FOURTH QUARTER AND FULL YEAR 2006 RESULTS
FOURTH QUARTER AND FULL YEAR 2006 RESULTS
• | 14% Growth in Funds From Operations (FFO) Per Share in 2006 | ||
• | Largest Acquirer of Industrial Real Estate in U.S. | ||
• | Added $2.5 Billion in New Joint Venture Capital | ||
• | 9% Increase in Net Operating Income | ||
• | $37 Million Increase in FFO from Joint Ventures | ||
• | 24% Growth in Net Economic Gains | ||
• | Same Property NOI Grew to 2.5% in Fourth Quarter |
CHICAGO, February 21, 2007 — First Industrial Realty Trust, Inc. (NYSE: FR), the nation’s largest provider of diversified industrial real estate, today announced results for the fourth quarter and full year ended December 31, 2006. Diluted net income available to common stockholders per share (EPS) was $0.49 in the fourth quarter compared to $0.51 in fourth quarter 2005. For full year 2006, diluted net income available to common stockholders was $2.04 per share, compared to $1.80 per share in 2005.
Fourth quarter funds from operations (FFO) grew 4% to $1.03 per share/unit on a diluted basis from $0.99 per share/unit a year ago. Full year 2006 FFO grew 14% to $4.13 per share/unit on a diluted basis from $3.61 per share/unit in 2005.
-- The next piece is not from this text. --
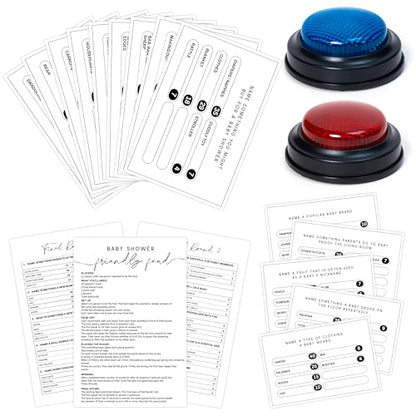 EYxsaxenk Baby Shower Friendly Feud Game with Answer Buzzer - 40Pcs Minimalist Gender Reveal Party Family Trivia Quiz Night Feud Card Buzzer for Board Game Night Baby Shower Boy or Girl Party Supplies - style: Baby Shower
“We had a great year in 2006 in all aspects of our business,” said Mike Brennan, president and CEO. “By building our franchise to serve the growing industrial real estate needs of corporate customers — through expanded capital sources, new markets, and growth in our talent base — we grew FFO per share by 14% in 2006. Looking ahead, we have a large investment pipeline totaling more than $1.9 billion and a growing development business that position us well to achieve further growth in 2007 and beyond, especially given solid industry fundamentals.”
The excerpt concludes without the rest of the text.